(Records to use)

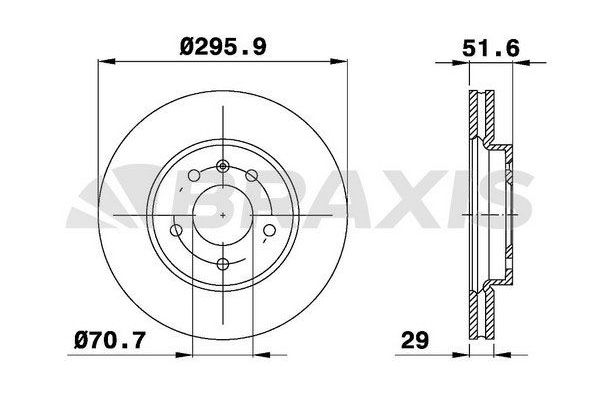 Fren Disk Ayna Ön Sağ ve Sol Chevrolet Captiva (2006->)  BRAXIS AE0266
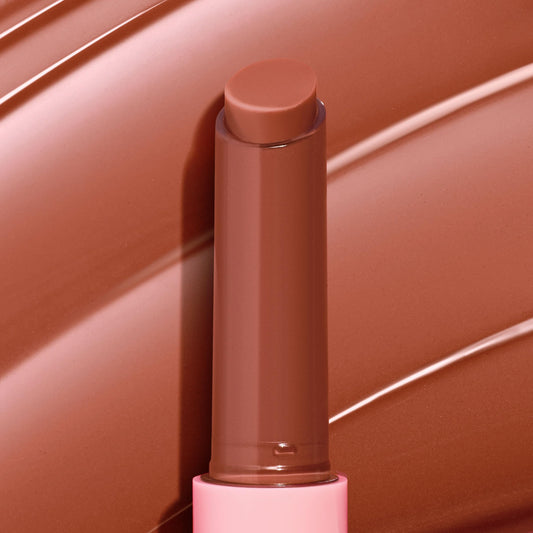 ColourPop So Juicy swatch reveals buildable color.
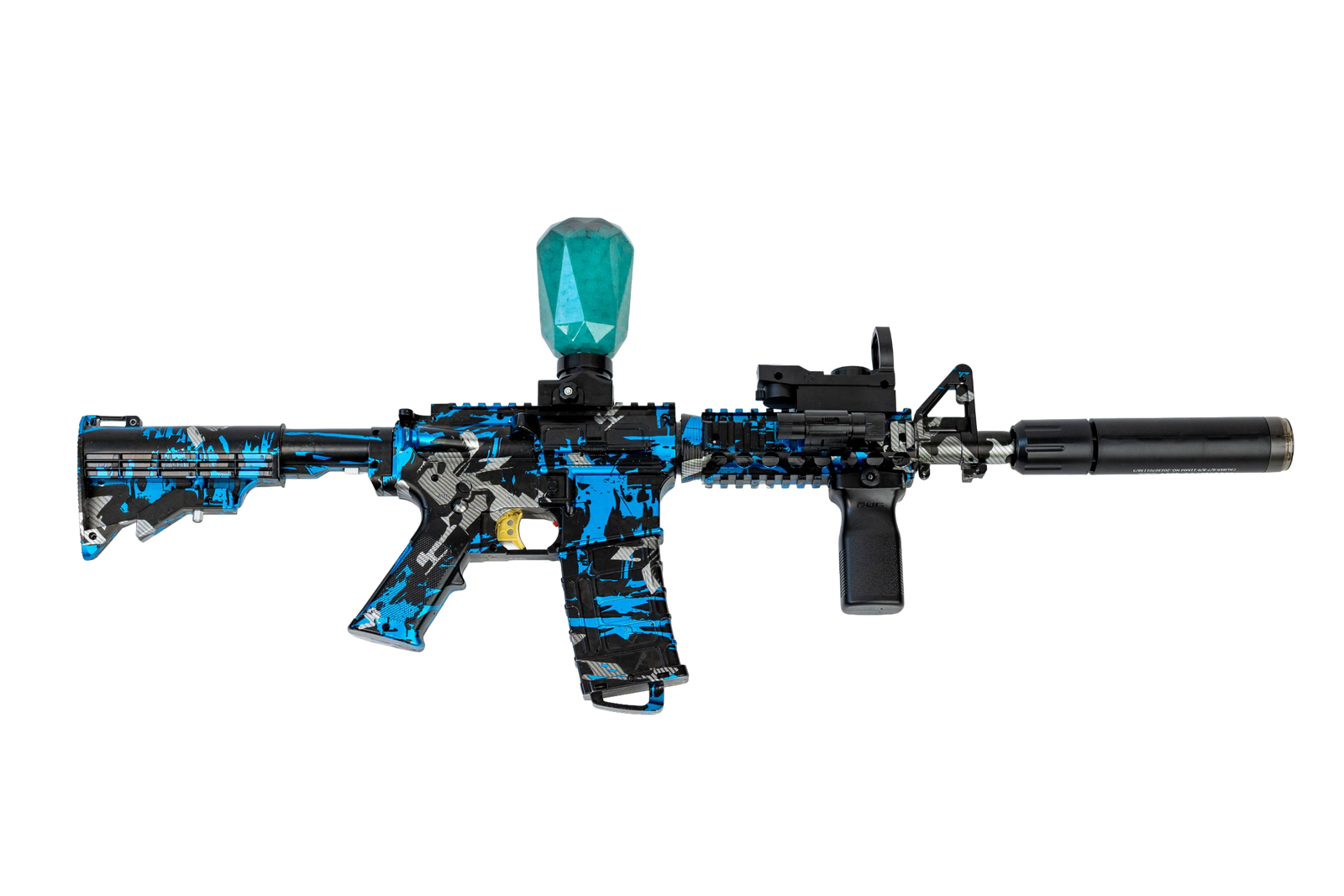 GelBlast M4A1-LightStorm Silver Military
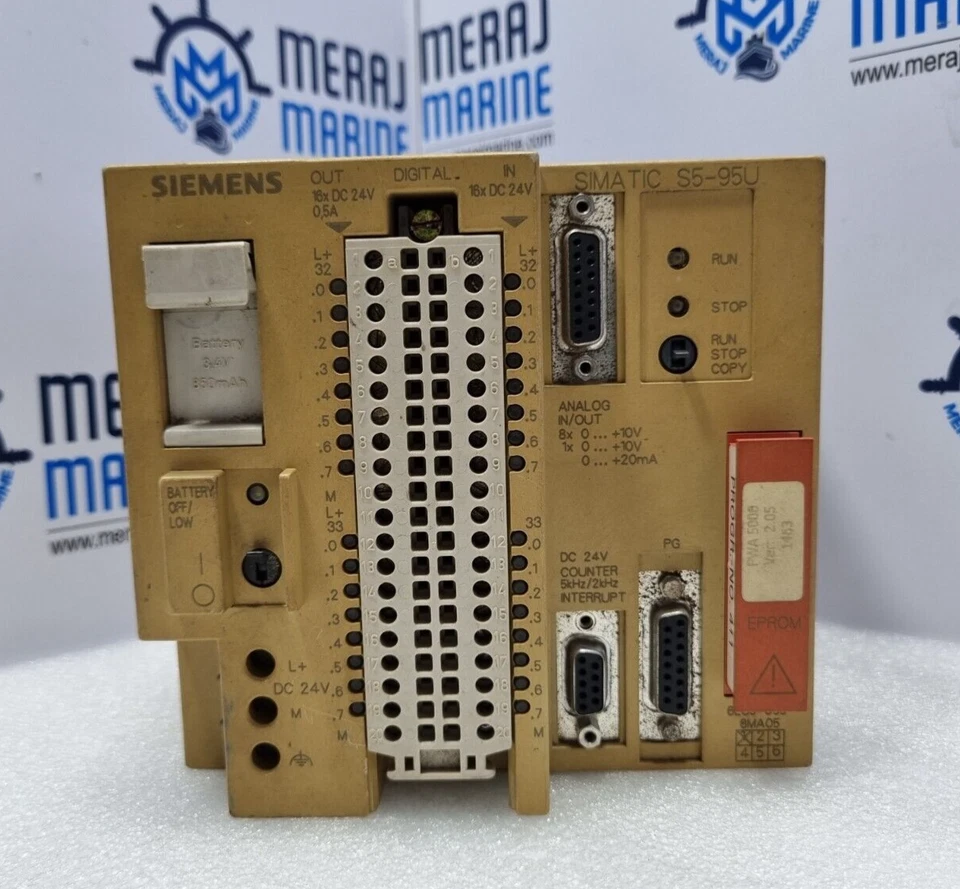 Siemens 6ES5095-8MA05 CPU SIMATIC S5-95U / 6ES 5095-8MA05 - Image 1 of 4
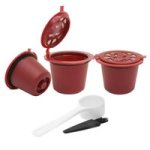 Coffee Accessories Refillable Coffee Capsule Cup Reusable Red 3PCS
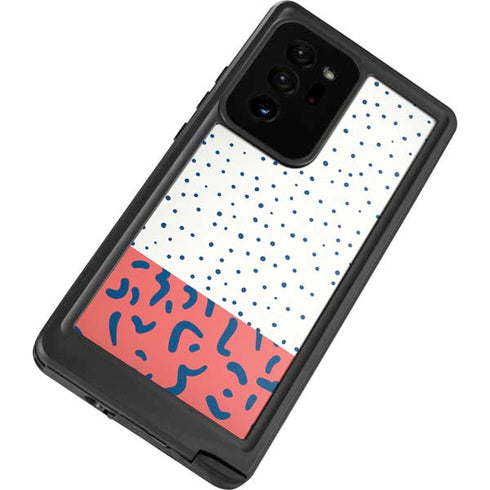 Polka Dot Split Galaxy Note20 Ultra 5G Waterproof Case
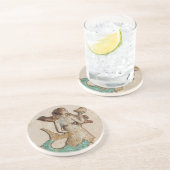 Dessous De Verre En Grès Tapis absorbant Sirène (Côté)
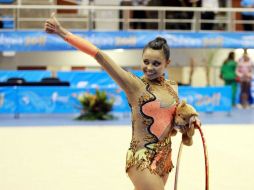 La tapatía Rut Castillo subió a lo más alto del podio en aro en el Campeonato Panamericano. MEXSPORT  /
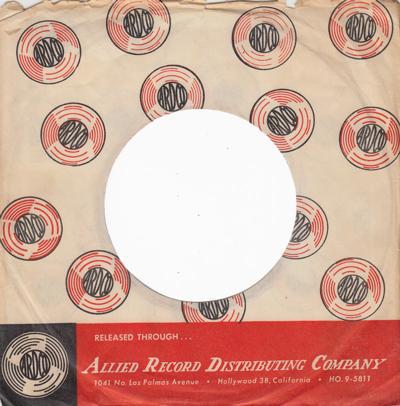 Allied Record Distributing Company/ Early 60's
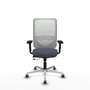 PIQUERAS Y CRESPO Silla de oficina Zulema Gris/Blanco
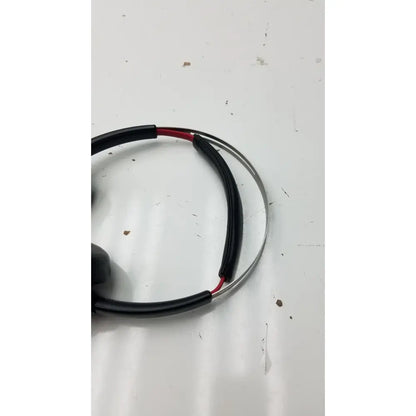 Black and red insulated wire with metallic ring connector featured in plantronics voyager focus b825 bluetooth headphones accessory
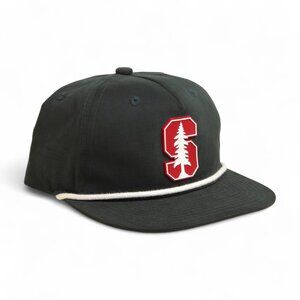 Stanford Cardinal 3D Classic Rope Hat- Charcoal/ White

(End Records to use)

*Assigned task*:
Extract the full listing above verbatim; pictures are to be left out of the copy.

*Response to the task*:
 Fren Disk Ayna Ön Sağ ve Sol Chevrolet Captiva (2006->)  BRAXIS AE0266
 ColourPop So Juicy swatch reveals buildable color.
 GelBlast M4A1-LightStorm Silver Military
 Siemens 6ES5095-8MA05 CPU SIMATIC S5-95U / 6ES 5095-8MA05 - Image 1 of 4
 Coffee Accessories Refillable Coffee Capsule Cup Reusable Red 3PCS
 Polka Dot Split Galaxy Note20 Ultra 5G Waterproof Case
 Dessous De Verre En Grès Tapis absorbant Sirène (Côté)
 La tapatía Rut Castillo subió a lo más alto del podio en aro en el Campeonato Panamericano. MEXSPORT  /
 Allied Record Distributing Company/ Early 60's
 PIQUERAS Y CRESPO Silla de oficina Zulema Gris/Blanco
 Black and red insulated wire with metallic ring connector featured in plantronics voyager focus b825 bluetooth headphones accessory
 Stanford Cardinal 3D Classic Rope Hat- Charcoal/ White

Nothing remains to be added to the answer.